Supplied material

== Segment start ==

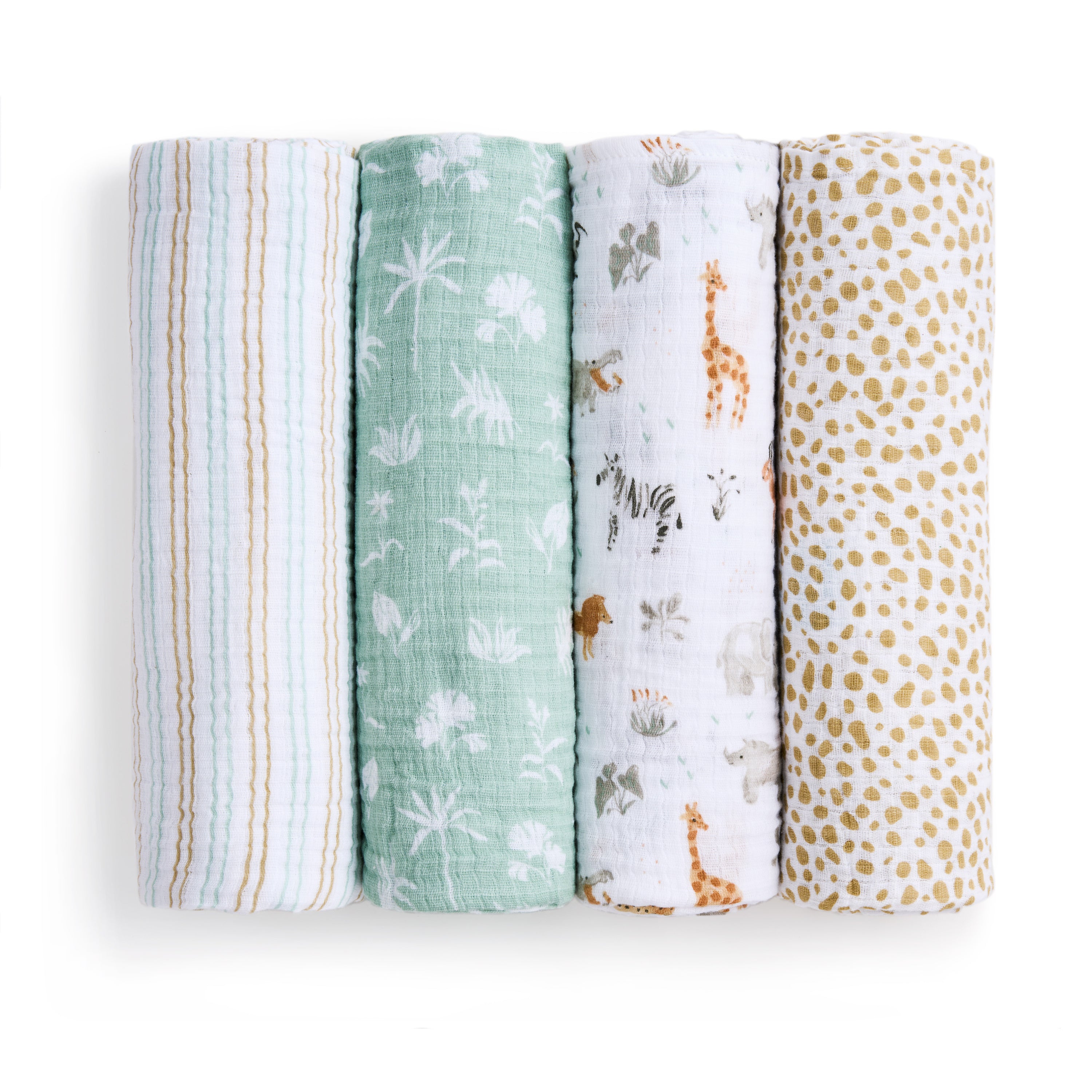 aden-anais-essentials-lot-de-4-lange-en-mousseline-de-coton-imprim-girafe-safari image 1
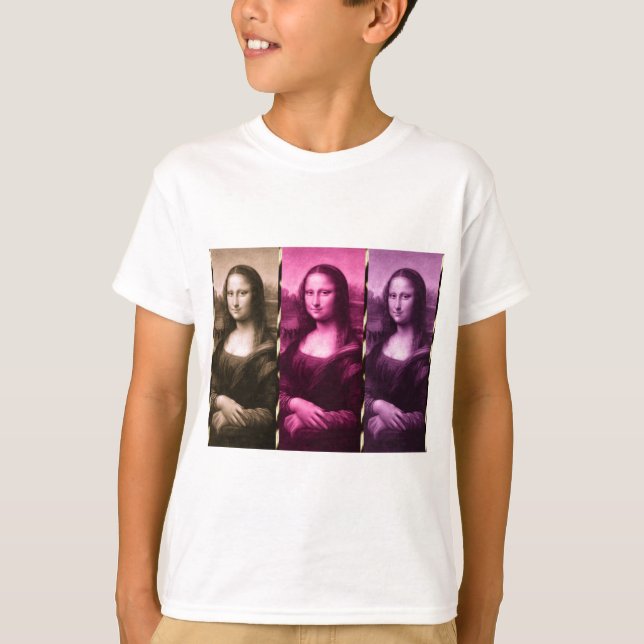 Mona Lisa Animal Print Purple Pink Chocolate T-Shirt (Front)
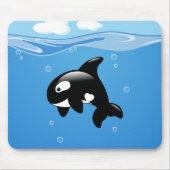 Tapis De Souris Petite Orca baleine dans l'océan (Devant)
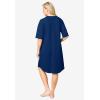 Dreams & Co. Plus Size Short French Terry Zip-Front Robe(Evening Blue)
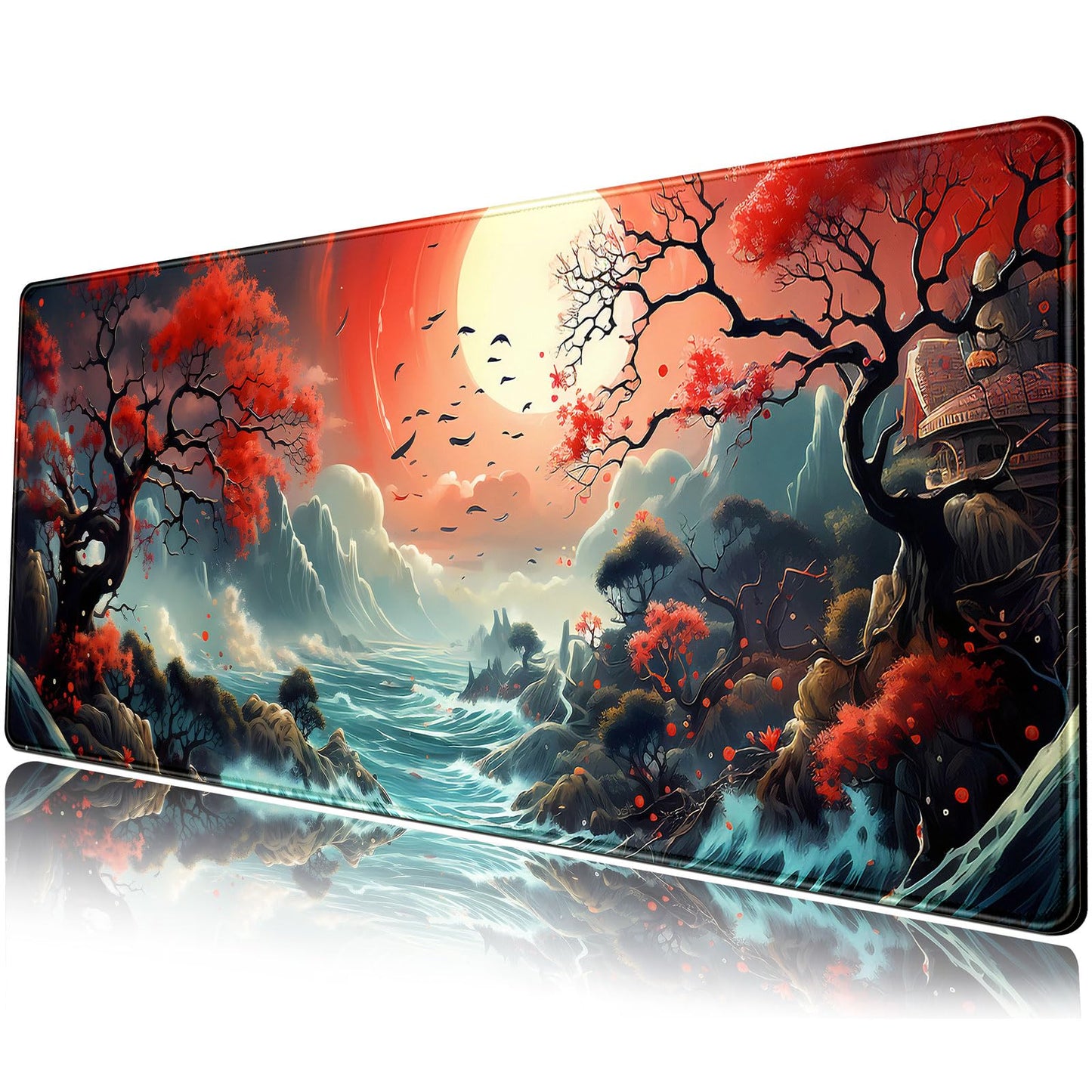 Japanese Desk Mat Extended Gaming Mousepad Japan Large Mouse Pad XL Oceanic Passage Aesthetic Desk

== Segment end ==
== Segment start ==

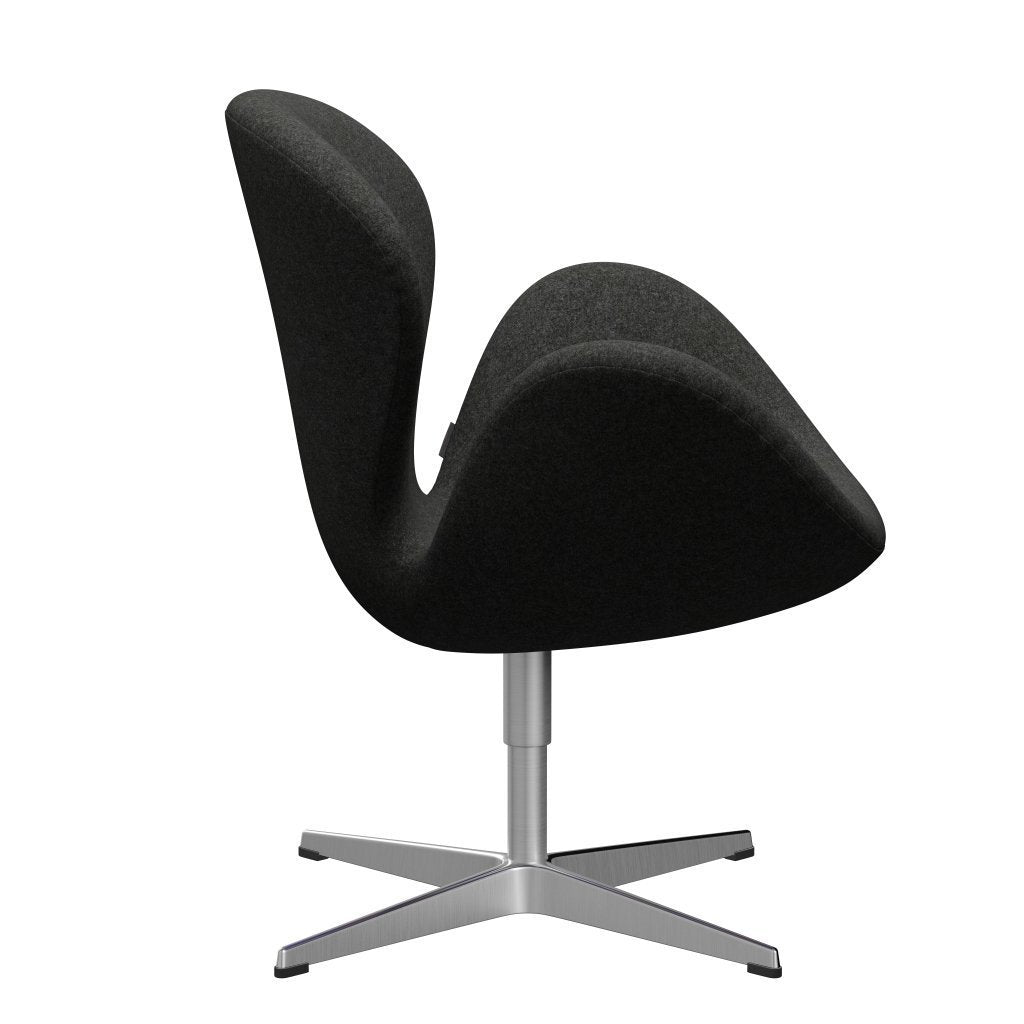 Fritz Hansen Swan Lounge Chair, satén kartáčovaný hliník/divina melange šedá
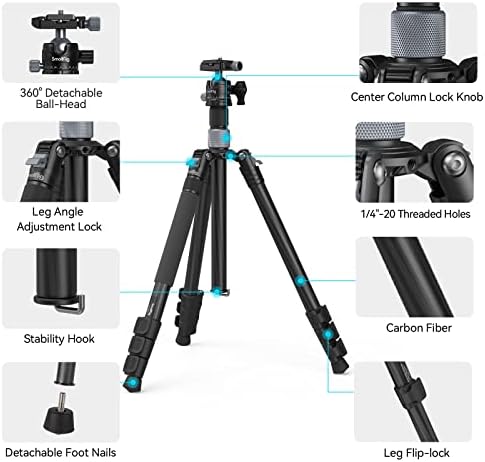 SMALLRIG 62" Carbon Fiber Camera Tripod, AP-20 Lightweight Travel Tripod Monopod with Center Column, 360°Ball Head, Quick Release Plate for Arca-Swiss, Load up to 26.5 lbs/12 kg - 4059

== Segment end ==

What you have to do
Give back, exactly and without pictures, the stretch of the records above from the line containing "Tapis De Souris" through the line containing "Japanese Desk Mat", with both end lines included.

Task output
 Tapis De Souris Petite Orca baleine dans l'océan (Devant)
 Dreams & Co. Plus Size Short French Terry Zip-Front Robe(Evening Blue)
 Japanese Desk Mat Extended Gaming Mousepad Japan Large Mouse Pad XL Oceanic Passage Aesthetic Desk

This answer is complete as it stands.